## WORK REQUEST:
Restate all the data word for word and omit the pictures.

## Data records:
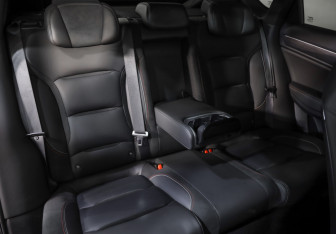 Подержанный автомобиль Geely Tugella 2023 года (30 фото)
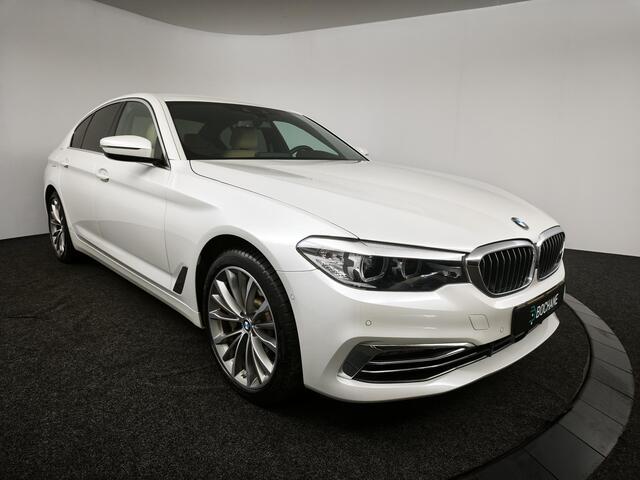 BMW 5-SERIE 530e iPerformance High Executive | Lederen bekleding | Achterruitrij Camera | Stoelverwarming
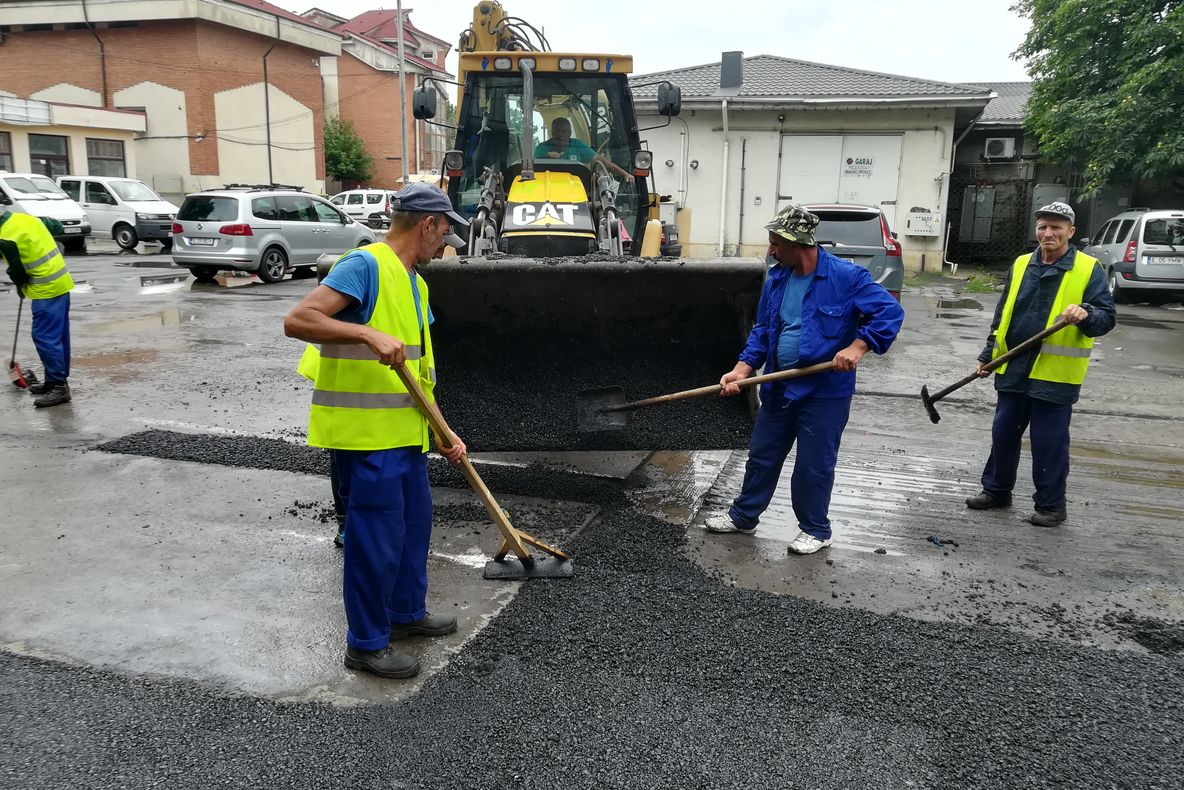 Asfaltări după ploaie la Slobozia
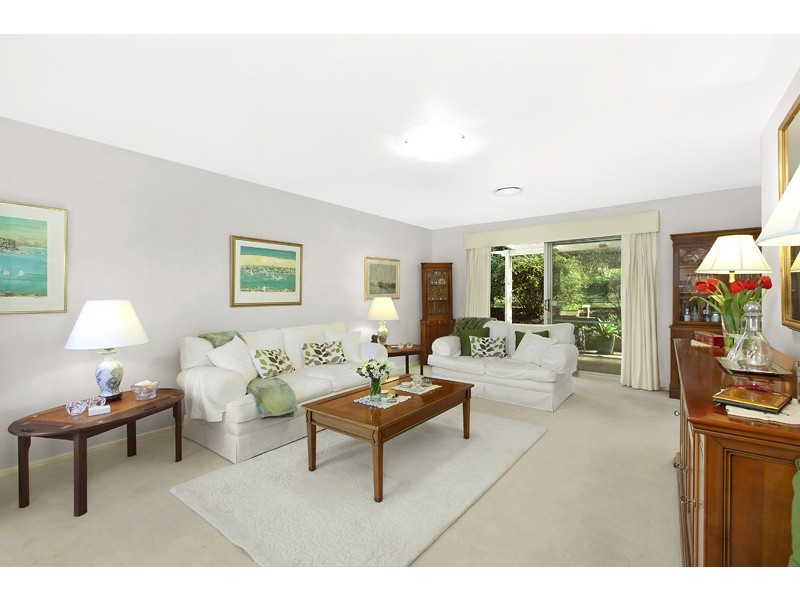 9 WOODWARD PLACE, St Ives NSW 2075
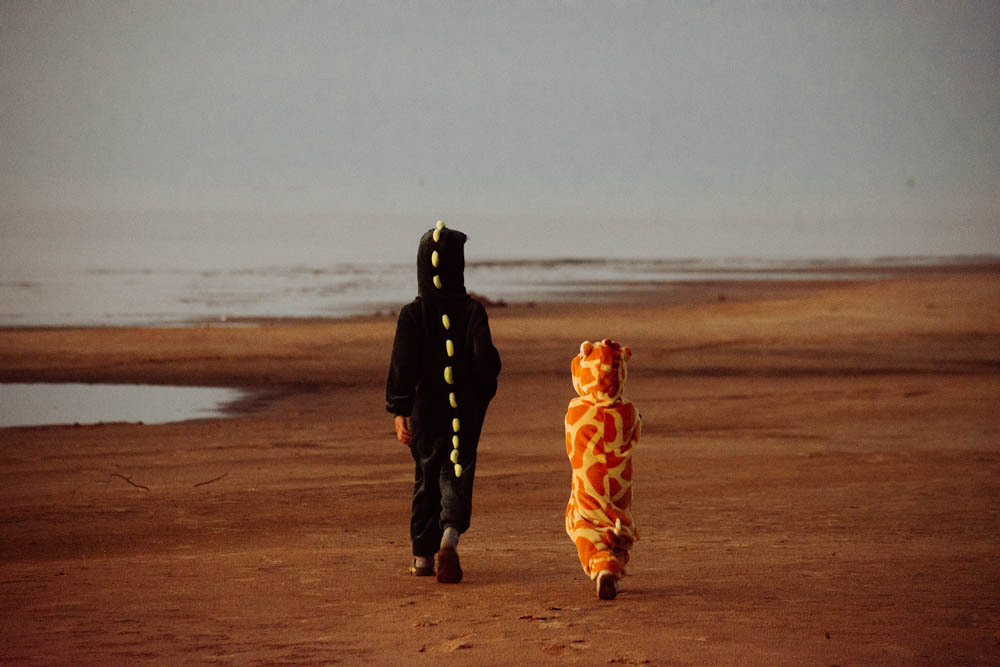 Семейная съемка на Рыбинском водохранилище. Ветрено. Семейный и детский фотограф в Москве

## ANSWER TO THIS EXERCISE:
 Подержанный автомобиль Geely Tugella 2023 года (30 фото)
 BMW 5-SERIE 530e iPerformance High Executive | Lederen bekleding | Achterruitrij Camera | Stoelverwarming
 Asfaltări după ploaie la Slobozia
 9 WOODWARD PLACE, St Ives NSW 2075
 Семейная съемка на Рыбинском водохранилище. Ветрено. Семейный и детский фотограф в Москве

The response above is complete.